Mi primera amistad fue Felipe. Nos conocimos pegándonos, el verano que llegamos a la luna. Era mayor que yo, y siempre escuché sus consejos en lo que se refiere a desengaños: a él le dieron calabazas antes que a mí, y aprendimos a reírnos de lo que más duele. Se fue este mes de octubre, y todavía no he sido capaz de llorar. Tengo un nudo que solo podré desatar cuando vea a su familia. Mi trabajo es zurcir el pasado, el suyo era construir el futuro. Era maestro de escuela. #LosAlmeida
La culpa.
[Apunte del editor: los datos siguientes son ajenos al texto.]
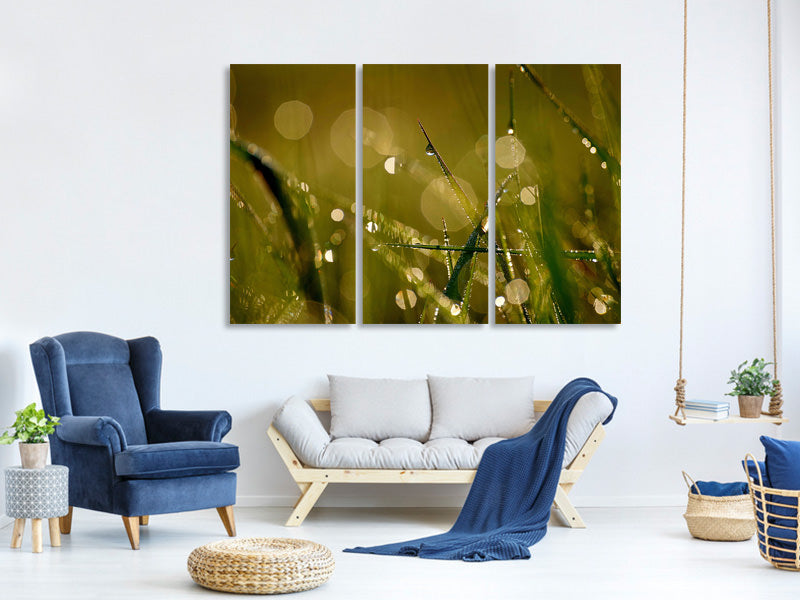 3-piece-canvas-print-dew-in-the-morning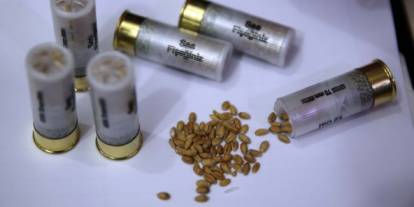 Tohum fişeğiyle yangın zararları hızla onarılacak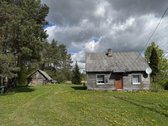 Gamtos apsuptyje, šalia gražaus pušyno, - nuotraukos Nr. 11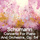 Concerto for Piano and Orchestra, Op. 54: I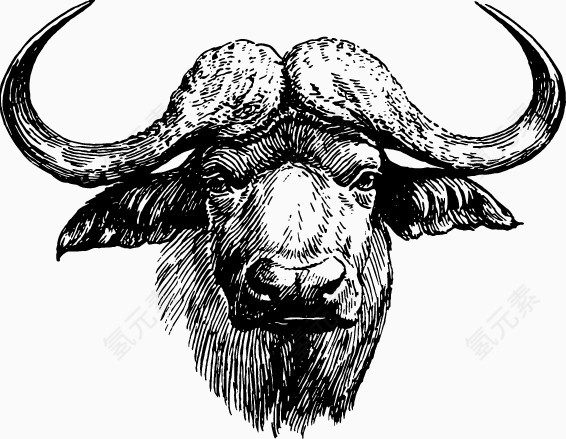 素描罗马斗牛牛头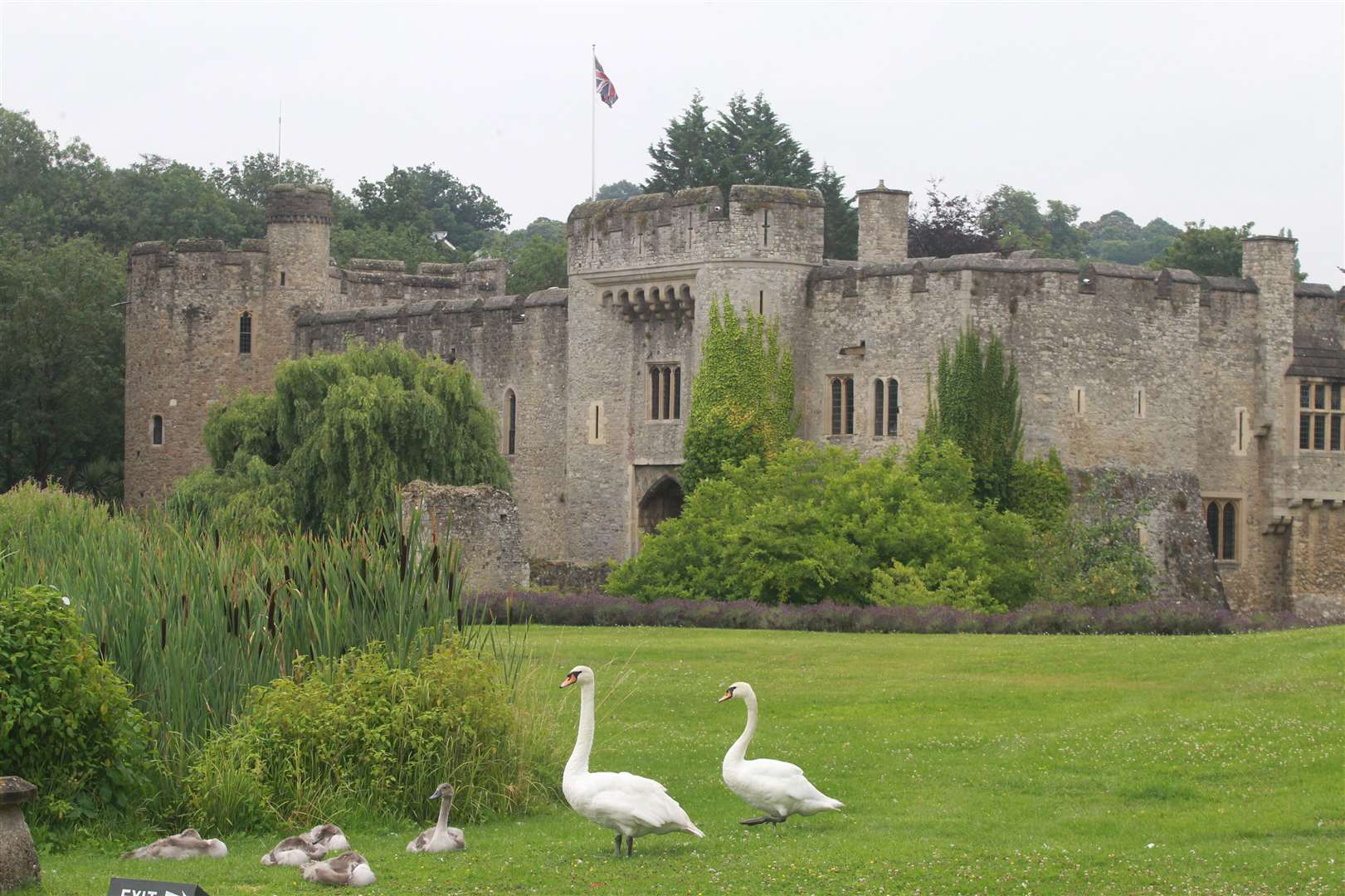 Allington Castle, once home to Sir Henry Wyatt Picture: John Westhrop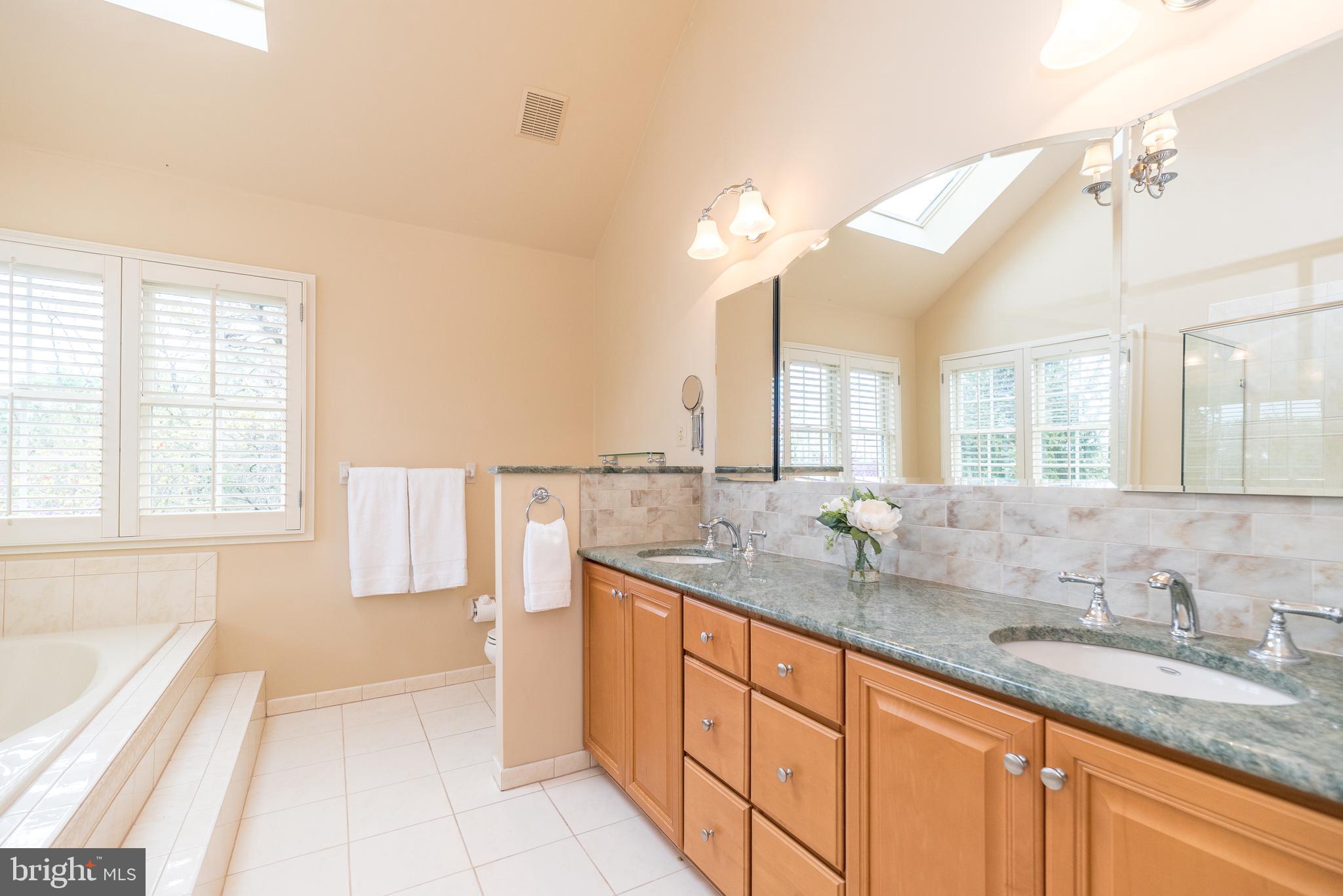 2517 Lockleigh Road Jamison, PA 18929 - Photo 41 of 72 Primary Bath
Recuerdo perfectamente mi primer delito, o pecado, o lo que sea la primera maldad por la que un niño de 4 años se siente culpable. Robé plastilina en el parvulario. Nunca me castigaron por mi crimen, solo por dejar mi casa llena de manchas de aquella pegajosa sustancia. Nunca confesé, ni siquiera cuando nos preparaban para la primera comunión. Hoy sé que no fue robo, sino hurto, y que un niño de 4 años es tan inimputable como el rey emérito. Pero me sigo sintiendo culpable. #LosAlmeida
Cuando llegó la República mi abuela tuvo que sindicarse, y escogió la FAI. En mi familia nunca lo entendimos porque -remedando a Valle- mi abuela era guapísima, católica y sentimental. Pero se hizo tan anarquista como católica, y se aprendió los himnos libertarios como quien se aprende el catecismo.
Era una anarquista muy rara: en la guerra escondió a unos curas, y así consiguió casarse por la Iglesia.
Cada primero de mayo nos cantaba Hijos del Pueblo.
Cuando mi bisabuela Pilar conoció a su nieta, todo cambió para mi abuela Paca, La Roja. La protegió siempre frente a cotillas, chismosas y alcahuetas, y volcó la poca ternura que le dejó la guerra en la pequeña Pilar.
#LosAlmeida siempre vivieron bajo un matriarcado de mujeres duras como el granito sobre el que se levanta mi pueblo. Si Pilar Sánchez tosía, todos los Almeida se ponían firmes. Solo he conocido a alguien parecida, y está conduciendo el coche por la M30, insultando a medio Madrid.
Fernando murió a los 18 años, de un ictus. No quiso cambiar su carnet de flecha por el de falangista adulto, y se le negó un homenaje póstumo. A raíz de ello María rompió su carnet de Falange.
Era una mujer de armas tomar. Tanto, que protagonizó un escándalo años después, cuando huyó a Portugal para casarse con un divorciado. Pecado mortal, poca broma.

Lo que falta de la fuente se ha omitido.